About 3 % of the people will faint after donating blood for analysis or eye inspection. In case you suffer from this, you could try to do something to prevent it, but it is all in vain. You could try going to toilet in order to avoid being seen by anyone, but you could faint on the way and get hurt.
The cause of fainting is the so-called vasovagal reaction, involving the vague nerve (vagus in Latin means wandering). It is believed to be an impairment related to the regulation of the blood flow, as when you change position from being seated to standing up (the postural fainting).
Vasovagal fainting can be triggered by scary, embarrassing or uneasy situations or during blood drawing, coughing or urinating. The fainting can also be caused by heart related conditions (cardiac fainting) and neurological conditions (neurological fainting). Fainting can also be caused by low blood glucose levels and lung conditions like emphysema and a pulmonary embolus.
In some situations, when you see blood or a medical tool is put closer to your eyes, your vegetative nervous system behaves like you were laid in bed, while you were seated or standing. At the beginning, the heart beats fast because of the anxiety, then the heart rhythm drops suddenly and the blood vessels from the feet dilate.

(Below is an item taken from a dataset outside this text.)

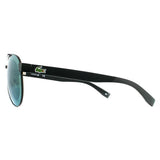 Lacoste L185S green mirrored sunglasses pilot style in Matte Green, UK version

That's why the blood quantity increases in the feet, but lowers at the head level. The brain does not get enough oxygen and you faint. How can this be avoided?
When blood is taken from you, you could look somewhere else or lay on a bed. The beginning of a vasovagal reaction is preceded by some warning signals, when you can act so that you won't faint. Many physicians suggest laying on the bed and leaning your feet on a chair or a wall. This way you prevent the blood from reaching your feet and the reaction could be stopped. In a few minutes you will probably feel better.